» **What is needed**: Each line in the entries below that holds the word "Gold" belongs in the answer.

── Given records ──

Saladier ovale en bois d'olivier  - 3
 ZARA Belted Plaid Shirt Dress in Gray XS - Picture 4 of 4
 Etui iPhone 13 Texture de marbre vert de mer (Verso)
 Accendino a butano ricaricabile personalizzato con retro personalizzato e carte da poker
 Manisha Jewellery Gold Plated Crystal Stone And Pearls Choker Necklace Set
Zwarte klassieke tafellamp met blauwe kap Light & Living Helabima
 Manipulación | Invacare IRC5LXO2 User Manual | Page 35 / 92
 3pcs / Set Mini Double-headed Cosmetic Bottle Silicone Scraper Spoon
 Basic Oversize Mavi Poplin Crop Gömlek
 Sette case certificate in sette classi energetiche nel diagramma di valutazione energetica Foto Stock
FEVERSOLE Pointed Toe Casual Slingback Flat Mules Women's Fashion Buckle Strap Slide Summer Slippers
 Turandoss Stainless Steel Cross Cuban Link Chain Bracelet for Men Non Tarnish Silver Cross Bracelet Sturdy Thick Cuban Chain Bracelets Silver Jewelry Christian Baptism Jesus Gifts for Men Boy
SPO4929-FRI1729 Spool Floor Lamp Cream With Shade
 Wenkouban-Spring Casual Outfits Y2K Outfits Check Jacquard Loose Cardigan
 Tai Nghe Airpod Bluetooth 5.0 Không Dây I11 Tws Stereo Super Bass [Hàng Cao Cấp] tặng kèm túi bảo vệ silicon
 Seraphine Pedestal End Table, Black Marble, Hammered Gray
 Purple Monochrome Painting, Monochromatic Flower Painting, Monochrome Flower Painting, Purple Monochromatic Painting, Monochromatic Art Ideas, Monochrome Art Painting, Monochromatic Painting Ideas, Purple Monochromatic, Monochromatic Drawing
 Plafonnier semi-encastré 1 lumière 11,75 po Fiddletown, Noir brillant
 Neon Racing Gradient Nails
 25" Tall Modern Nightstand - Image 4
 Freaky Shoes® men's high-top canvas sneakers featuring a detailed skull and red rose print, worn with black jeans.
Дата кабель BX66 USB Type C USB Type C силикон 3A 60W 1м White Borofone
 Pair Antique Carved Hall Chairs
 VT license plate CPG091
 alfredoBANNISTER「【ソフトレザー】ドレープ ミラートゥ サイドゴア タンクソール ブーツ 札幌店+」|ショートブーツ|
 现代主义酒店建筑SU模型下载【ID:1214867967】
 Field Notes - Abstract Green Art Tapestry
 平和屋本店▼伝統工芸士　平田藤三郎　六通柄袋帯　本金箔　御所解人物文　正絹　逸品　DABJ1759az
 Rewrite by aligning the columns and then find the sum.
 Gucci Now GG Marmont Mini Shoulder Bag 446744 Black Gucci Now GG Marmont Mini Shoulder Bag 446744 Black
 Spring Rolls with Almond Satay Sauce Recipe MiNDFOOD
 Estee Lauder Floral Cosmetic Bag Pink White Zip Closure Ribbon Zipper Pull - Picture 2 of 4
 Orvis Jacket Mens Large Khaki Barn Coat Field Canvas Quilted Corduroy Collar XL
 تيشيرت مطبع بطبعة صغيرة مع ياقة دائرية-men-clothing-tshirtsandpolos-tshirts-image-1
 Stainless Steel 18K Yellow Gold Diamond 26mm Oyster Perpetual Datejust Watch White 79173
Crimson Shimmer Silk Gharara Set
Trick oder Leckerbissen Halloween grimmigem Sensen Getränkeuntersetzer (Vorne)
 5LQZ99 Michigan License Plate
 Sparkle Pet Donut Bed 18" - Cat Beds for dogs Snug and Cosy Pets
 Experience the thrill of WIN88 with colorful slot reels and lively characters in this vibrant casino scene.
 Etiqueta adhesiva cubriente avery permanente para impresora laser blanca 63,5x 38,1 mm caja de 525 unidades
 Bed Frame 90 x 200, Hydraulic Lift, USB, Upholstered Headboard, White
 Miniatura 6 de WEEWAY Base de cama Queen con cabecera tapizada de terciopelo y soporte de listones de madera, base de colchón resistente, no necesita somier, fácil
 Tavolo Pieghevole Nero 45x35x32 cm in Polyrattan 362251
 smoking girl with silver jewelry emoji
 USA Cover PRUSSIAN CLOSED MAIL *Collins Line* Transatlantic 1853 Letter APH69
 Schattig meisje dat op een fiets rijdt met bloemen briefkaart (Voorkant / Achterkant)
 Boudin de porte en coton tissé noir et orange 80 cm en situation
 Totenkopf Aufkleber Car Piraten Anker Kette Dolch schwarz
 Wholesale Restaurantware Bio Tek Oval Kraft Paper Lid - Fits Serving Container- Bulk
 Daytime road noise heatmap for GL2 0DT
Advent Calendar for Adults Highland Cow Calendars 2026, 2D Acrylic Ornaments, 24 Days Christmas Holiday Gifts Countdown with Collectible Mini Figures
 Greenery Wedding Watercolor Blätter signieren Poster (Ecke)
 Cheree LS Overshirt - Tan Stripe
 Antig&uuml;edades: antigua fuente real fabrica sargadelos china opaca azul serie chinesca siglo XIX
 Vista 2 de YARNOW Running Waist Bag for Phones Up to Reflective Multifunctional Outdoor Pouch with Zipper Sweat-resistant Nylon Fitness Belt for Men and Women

───

» **Solution for this problem**:
 Manisha Jewellery Gold Plated Crystal Stone And Pearls Choker Necklace Set
 Stainless Steel 18K Yellow Gold Diamond 26mm Oyster Perpetual Datejust Watch White 79173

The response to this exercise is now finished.